The history of the street dates back to about 1200 when it was part of the main route between Roskilde and the small settlement Havn, which was a hub for crossings to Amager and Scania. Between 1380 and 1463, documents refer to the street as Bjørnebrogade. It later became known as Kiødmangergade after the butchers who had their stalls along the street. Kjødmanger ("meatmonger") is an old Danish word for butcher. The meat market later moved to Skindergade but the name stuck with to the street, although it later changed to Kjøbmagergade and then Købmagergade. The form Kjødmagergade is first known from 1595 although the old form Kjødmagergade is still seen in documents from 1656.

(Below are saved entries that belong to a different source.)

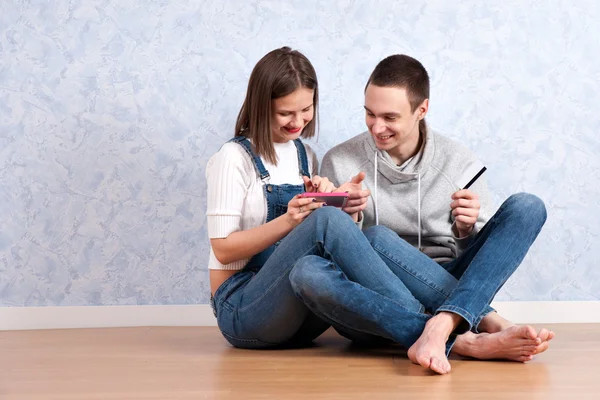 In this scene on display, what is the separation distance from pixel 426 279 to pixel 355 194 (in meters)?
0.28

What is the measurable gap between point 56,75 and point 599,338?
1.83m

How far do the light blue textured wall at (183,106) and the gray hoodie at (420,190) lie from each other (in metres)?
0.47

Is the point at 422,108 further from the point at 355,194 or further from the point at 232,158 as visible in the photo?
the point at 232,158

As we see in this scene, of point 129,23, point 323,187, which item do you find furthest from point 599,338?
point 129,23

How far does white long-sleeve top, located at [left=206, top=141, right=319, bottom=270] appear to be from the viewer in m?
1.96

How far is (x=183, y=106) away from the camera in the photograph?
2.56 m

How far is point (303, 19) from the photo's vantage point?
2553 millimetres

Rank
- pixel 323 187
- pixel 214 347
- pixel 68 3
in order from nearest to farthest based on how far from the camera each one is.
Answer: pixel 323 187, pixel 214 347, pixel 68 3

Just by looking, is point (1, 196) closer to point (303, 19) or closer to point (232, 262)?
point (232, 262)

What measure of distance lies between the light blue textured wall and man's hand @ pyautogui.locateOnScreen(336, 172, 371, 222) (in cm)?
62

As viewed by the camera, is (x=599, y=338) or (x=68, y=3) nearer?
(x=599, y=338)

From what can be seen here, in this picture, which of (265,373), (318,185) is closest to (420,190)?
(318,185)

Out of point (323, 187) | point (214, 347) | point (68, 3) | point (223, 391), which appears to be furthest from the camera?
point (68, 3)

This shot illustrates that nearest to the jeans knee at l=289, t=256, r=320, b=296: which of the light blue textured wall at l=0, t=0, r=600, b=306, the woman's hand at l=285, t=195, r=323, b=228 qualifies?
the woman's hand at l=285, t=195, r=323, b=228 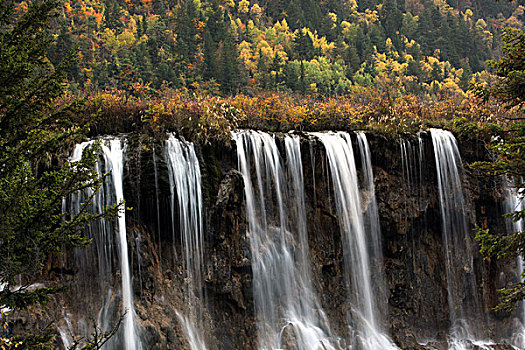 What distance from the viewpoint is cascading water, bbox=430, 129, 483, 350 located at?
65.5 feet

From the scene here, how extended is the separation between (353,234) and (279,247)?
322cm

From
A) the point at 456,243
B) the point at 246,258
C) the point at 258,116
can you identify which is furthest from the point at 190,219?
the point at 456,243

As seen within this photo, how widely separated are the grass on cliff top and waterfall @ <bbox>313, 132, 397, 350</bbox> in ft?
7.57

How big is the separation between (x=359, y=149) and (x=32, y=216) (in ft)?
45.7

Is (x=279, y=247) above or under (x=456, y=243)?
above

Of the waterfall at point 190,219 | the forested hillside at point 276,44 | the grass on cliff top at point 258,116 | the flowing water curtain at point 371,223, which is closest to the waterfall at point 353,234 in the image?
the flowing water curtain at point 371,223

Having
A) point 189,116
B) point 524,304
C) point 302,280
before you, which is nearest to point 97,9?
point 189,116

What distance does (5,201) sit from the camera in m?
7.45

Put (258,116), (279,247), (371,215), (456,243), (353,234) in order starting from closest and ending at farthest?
1. (279,247)
2. (353,234)
3. (371,215)
4. (456,243)
5. (258,116)

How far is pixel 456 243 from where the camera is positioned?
20.3m

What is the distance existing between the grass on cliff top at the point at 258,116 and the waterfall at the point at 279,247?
5.39 feet

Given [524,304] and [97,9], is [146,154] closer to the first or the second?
[524,304]

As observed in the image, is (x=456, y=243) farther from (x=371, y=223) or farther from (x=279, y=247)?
(x=279, y=247)

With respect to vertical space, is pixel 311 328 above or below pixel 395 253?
below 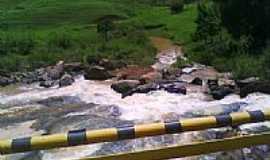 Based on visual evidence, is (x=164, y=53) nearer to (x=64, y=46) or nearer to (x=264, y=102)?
(x=64, y=46)

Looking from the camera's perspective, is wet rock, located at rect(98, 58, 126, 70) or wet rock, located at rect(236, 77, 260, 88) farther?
→ wet rock, located at rect(98, 58, 126, 70)

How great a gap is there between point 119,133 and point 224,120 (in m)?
0.74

The North Gate was moved to the northern end of the street in 1671.

The Royal Porcelain Manufactury was founded in the street in 1775. The company left the street after being taken over by Aluminia, joining the new owners at their site in Frederiksberg (now Porcelænshaven) in 1884.

Købmagergade was pedestrianised in 1973 following the successful pedestrianisation of Strøget in the early 1960s.

==Notable buildings and residents==
Buildings in the street include the Round Tower, Regensen and the Møinichen Mansion, now Købmagergade Post Office with the Post & Tele Museum.
No. 42 is the former Varehuset Messen department store which opened in 1895. The building was designed by Emil Blichfeldt and is topped by a Hermes statue by Julius Schultz. It is now used by Niels Brock Copenhagen Business College whose main building is on Kultorvet.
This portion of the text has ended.